# Charasteristic function of integer valued distribution

##### New member
How to prove that if $\varphi$ is the characteristic function of an integer valued distribution, then the probability mass function can be computed as
$p(k) = \frac{1}{2\pi} \cdot \int^{\pi}_{-\pi} e^{-ikt}\varphi(t) dt \;,\forall k \in \mathbb{Z}$

I would be really grateful if you could help me.

#### CaptainBlack

##### Well-known member
How to prove that if $\varphi$ is the characteristic function of an integer valued distribution, then the probability mass function can be computed as
$p(k) = \frac{1}{2\pi} \cdot \int^{\pi}_{-\pi} e^{-ikt}\varphi(t) dt \;,\forall k \in \mathbb{Z}$

I would be really grateful if you could help me.
You need to know that:

$$\displaystyle \int_{-\pi}^{\pi} e^{-ikt}e^{ilt}\; dt=2 \pi$$ if $$k=l$$ and $$0$$ otherwise.

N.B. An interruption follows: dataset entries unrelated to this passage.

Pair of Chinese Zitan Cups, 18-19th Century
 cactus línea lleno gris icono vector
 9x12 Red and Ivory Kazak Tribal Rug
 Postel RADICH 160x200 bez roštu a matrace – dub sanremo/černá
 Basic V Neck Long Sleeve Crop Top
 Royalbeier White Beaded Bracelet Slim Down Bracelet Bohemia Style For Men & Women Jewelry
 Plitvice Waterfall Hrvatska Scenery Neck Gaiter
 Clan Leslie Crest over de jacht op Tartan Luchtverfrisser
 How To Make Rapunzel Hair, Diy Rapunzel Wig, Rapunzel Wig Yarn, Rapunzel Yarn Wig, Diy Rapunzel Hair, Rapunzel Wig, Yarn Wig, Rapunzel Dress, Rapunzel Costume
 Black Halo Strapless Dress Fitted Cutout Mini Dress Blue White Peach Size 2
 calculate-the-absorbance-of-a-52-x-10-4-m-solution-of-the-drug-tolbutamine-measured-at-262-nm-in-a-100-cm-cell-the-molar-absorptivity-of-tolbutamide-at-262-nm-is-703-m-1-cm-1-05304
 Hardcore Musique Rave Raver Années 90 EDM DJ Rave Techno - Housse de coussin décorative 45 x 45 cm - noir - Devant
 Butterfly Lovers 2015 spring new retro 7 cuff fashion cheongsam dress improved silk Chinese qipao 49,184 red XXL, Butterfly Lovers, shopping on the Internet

Then you just change the order of integration and summation in $$\int_{-pi}^{\pi} e^{-kt}\phi(t)\; dt$$ to get the required result.

CB

$$\displaystyle \int_{-\pi}^{\pi} e^{-ikt}e^{ilt}\; dt=2 \pi$$ if $$k=l$$ and $$0$$ otherwise.
Then you just change the order of integration and summation in $$\int_{-pi}^{\pi} e^{-kt}\phi(t)\; dt$$ to get the required result.